VFW in the Classroom
Veterans play an important role in educating our nation's youth about the founding principles upon which America was founded. As combat veterans, VFW members can provide students with insight into the great sacrifices our service members make to maintain freedom for all of us.
Operation Uplink - a calling program for deployed service members that provides free phone time to active-duty military personnel and hospitalized veterans.
Operation Uplink initially provided calling cards to deployed and hospitalized troops, but on Mother's Day in 2006, due to the growing popularity of the program, and thanks to the generosity of corporate donors like Sport Clips Haircuts and Harleysville Insurance, the program began hosting "Free Call Days."
The red poppy is a symbol of war and remembrance, dating back to Canada's Col. John McCrae's poem, "In Flanders Field," which describes blowing red fields of poppies among the graves of the fallen.

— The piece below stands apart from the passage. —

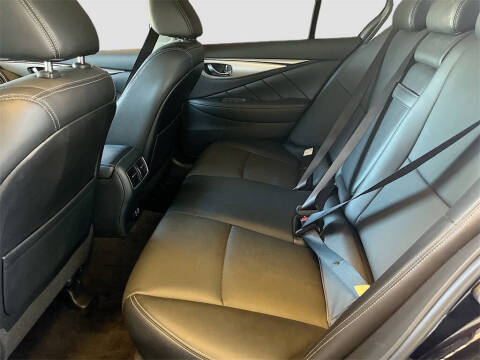 2024 Infiniti Q50 Luxe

For more than 75 years, the VFW's "Buddy"® Poppy program had raised millions of dollars in support of veterans' wellbeing.
The VFW knows how important community service is to America, with volunteerism benefiting education, the environment, health sciences and civic projects.
We work closely with other organizations, such as Boy Scouts of America, Citizen Corps, March of Dimes, and America's Promise-The Alliance for Youth, among others. Each year VFW and Ladies Auxiliary members donate more than 11 million volunteer hours and $50 million to community service projects.